The Help (2011)
Starring Emma Stone, Viola Davis, Bryce Dallas Howard, Octavia Spencer, Jessica Chastain, Allison Janney, Cecily Tyson, Mary Steenburgen, and Sissy Spacek
Directed by Tate Taylor
Twenty-three year old Skeeter Phelan (Emma Stone) is an aspiring author who, in an attempt to win over a well-to-do big city publisher (Mary Steenburgen), decides to write a book filled with the musings and daily routines of the African American maids in her town in Mississippi. Naturally, because of racial tensions a half century ago, Skeeter has to keep her meetings with Aibileen Clark (Viola Davis) -- a maid and nanny to her employers with a strong, yet seemingly silent personality -- and Minny Jackson (Octavia Spencer) -- a sassy gal who after being fired by the uppity Hilly Holbrook (Bryce Dallas Howard) finds herself working for the eccentric Celia Foote (Jessica Chastain) -- a secret. Yes, I've thrown out a lot of names there, but the crux of the story remains the same -- we're looking at race relations between whites and blacks in 1960s Mississippi and for most those relationships still weren't ideal.
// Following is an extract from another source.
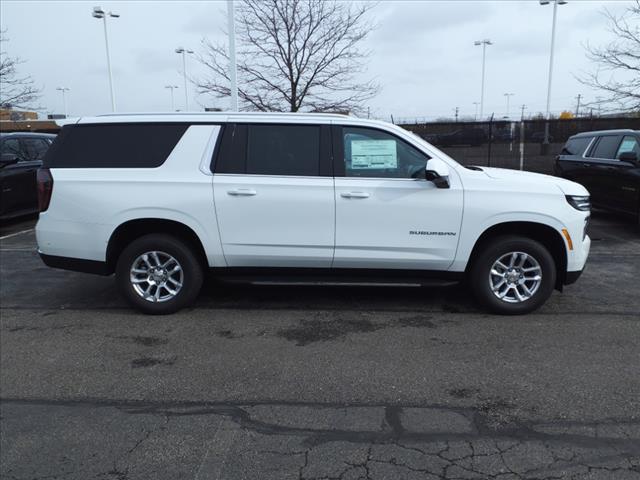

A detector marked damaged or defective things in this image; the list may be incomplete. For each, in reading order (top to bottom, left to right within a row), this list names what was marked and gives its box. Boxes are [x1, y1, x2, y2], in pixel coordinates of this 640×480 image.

This is territory we've seen explored before in movies and it's not that The Help does anything particularly unique. It uses stock characters (Bryce Dallas Howard's bitchy Hilly is particularly one-note despite attempts to add depth thanks to an enjoyable performance by Howard), a grooving 60s soundtrack, and feels like something right out of the Steel Magnolias or Fried Green Tomatoes early '90s era in looks and tone.
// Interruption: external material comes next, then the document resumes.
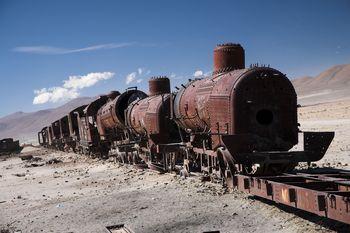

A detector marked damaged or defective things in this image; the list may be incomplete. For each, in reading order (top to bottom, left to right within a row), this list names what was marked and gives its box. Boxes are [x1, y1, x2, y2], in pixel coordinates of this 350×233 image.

corroded metal boiler [95, 88, 148, 137]
corroded metal boiler [125, 76, 175, 146]
rusty steam locomotive [37, 42, 334, 184]
corroded metal boiler [174, 43, 296, 152]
However, the film succeeds thanks to a cast devoid of one bad egg. Even when the story falters -- let's just leave the attempts at Skeeter trying to find love on the cutting room floor in the director's cut, shall we? -- the ladies simply compel you to keep your eyes fixated on the screen. Emma Stone is charming in what is one of the lesser developed characters in the script. Jessica Chastain (Hollywood's It Girl in 2011) was a hoot as Celia, getting opportunities to showcase her comedic and dramatic talents. The movie kicked into high gear once Chastain's character was introduced and she lit up the screen whenever she appeared. Similarly, Octavia Spencer provides some light moments, too, and once Chastain's Celia comes in to the picture, the character of Minnie is given a much greater depth than the rather one-notedness she had the beginning of the film.
Still, when one remembers The Help, their mind will immediately shift to Viola Davis who gives a moving, quiet, and powerful performance. There's a fierceness in her eyes throughout much of the film -- a pain and anguish that she doesn't really express vocally, but is intensely felt nonetheless. This type of understated performance is the opposite of showy, but demonstrates why Davis is worthy of all the Oscar buzz she's been receiving.
I really don't have a whole lot bad to say about The Help which I must admit surprises me. Even if the film was a bit flawed here and there, it's still overwhelmingly enjoyable to watch. Sure, writer-director Tate Taylor doesn't take too many risks, but he culls some amazing performances from a talented group of ladies.